In high school he met Bob Johnson, W2WVC, and began a friendship that lasted many years. Together they attended meetings of the KBT Radio Club (it stood for Kenmore-Buffalo-Tonawanda). Although the members, many of whom worked for Bell Aircraft, were older and more experienced , they welcomed the youngsters into the fraternal aspect of ham radio. Johnson later introduced Smith to the QCWA

Smith's first transmitter was a home built, crystal controlled 6L6 oscillator and an 807 final. His receiver was a Hallicrafter's S-38.
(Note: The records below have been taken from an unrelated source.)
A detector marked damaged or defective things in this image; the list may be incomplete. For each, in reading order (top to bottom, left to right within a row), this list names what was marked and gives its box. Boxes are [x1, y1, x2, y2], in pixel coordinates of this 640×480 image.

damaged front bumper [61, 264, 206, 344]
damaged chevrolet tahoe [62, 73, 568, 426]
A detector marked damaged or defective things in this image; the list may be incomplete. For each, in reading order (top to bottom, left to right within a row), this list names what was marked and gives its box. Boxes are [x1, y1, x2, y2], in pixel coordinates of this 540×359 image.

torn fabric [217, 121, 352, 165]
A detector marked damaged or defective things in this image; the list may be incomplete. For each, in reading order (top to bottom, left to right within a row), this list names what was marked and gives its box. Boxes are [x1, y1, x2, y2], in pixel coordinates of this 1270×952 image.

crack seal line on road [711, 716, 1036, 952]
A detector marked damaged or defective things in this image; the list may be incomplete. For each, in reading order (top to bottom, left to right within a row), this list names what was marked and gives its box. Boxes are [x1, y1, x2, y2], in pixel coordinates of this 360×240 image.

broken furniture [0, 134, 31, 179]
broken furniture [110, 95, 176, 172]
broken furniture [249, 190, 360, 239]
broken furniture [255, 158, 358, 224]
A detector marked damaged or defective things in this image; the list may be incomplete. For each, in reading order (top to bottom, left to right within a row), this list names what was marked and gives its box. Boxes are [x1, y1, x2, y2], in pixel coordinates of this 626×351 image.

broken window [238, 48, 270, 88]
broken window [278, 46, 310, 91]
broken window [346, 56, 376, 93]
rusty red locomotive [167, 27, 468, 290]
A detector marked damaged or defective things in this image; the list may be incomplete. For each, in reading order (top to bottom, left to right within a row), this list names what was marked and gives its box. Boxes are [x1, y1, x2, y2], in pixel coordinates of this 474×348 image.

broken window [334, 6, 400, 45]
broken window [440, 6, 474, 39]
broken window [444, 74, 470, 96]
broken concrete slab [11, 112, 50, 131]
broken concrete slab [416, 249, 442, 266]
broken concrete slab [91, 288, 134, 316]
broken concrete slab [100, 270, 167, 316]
After high school Smith worked as a transmitter and studio technician and, later, copywriter at WXRA in Kenmore, N.Y. This began a pattern of working in broadcasting while attending college. He graduated from the University of Buffalo (now SUNY Buffalo) and earned an M.A. and Ph.D. at Ohio State. He was on the faculty at Boston University where he was chairman of the department of broadcasting and film from 1968-78 and had general management responsibility for public radio station WBUR. From 1978-95 he was dean of the School of Communications and Theater at Temple University where he was responsible for WRTI. He was a member of the Temple University Amateur Radio Club (K3TU). Lloyd Sturgeon, W3LYS, introduced him to the Delmont Amateur Radio Club. Smith served as president of the club in the early 1990s. When he retired he and his XYL, Suzanne, moved to the South Shore of MA to be near their children. Although he was off air while his children were young, Bob has consistently maintained a modest but frequently used station.

His interests are DX (DXCC-CW) and the history of the hobby. He has enjoyed satellite communication and several computer-based modes, but invariably returns to CW. In an attempt to "downsize," he has reduced his collection of telegraph keys from 17 to 5!